→ **Data for processing**
Segment Open
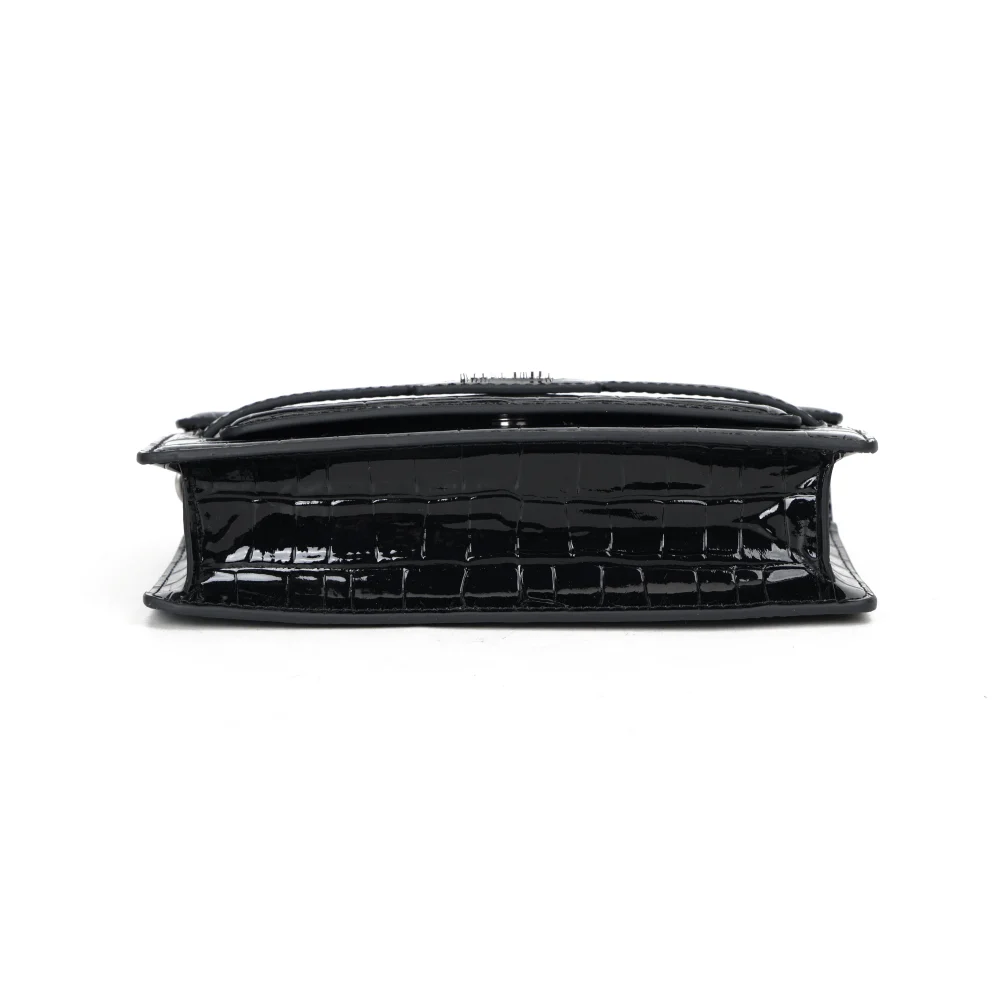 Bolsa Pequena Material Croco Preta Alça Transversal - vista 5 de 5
Segment Closed
Segment Open
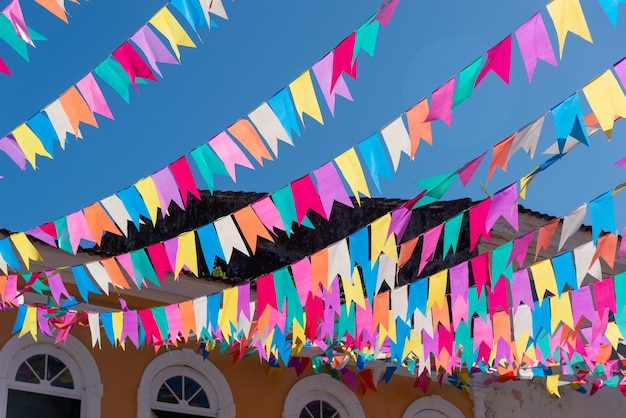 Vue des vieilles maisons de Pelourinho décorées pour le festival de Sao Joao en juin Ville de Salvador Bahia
Segment Closed
Segment Open
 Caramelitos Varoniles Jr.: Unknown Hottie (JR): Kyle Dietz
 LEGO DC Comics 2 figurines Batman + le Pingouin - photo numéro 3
Segment Closed
→ **What is expected**
Starting at the line above that contains "Caramelitos Varoniles Jr.: Unknown", write out each line exactly until the line that contains "LEGO DC Comics" has been written, and stop there.

→ **Response box**
 Caramelitos Varoniles Jr.: Unknown Hottie (JR): Kyle Dietz
 LEGO DC Comics 2 figurines Batman + le Pingouin - photo numéro 3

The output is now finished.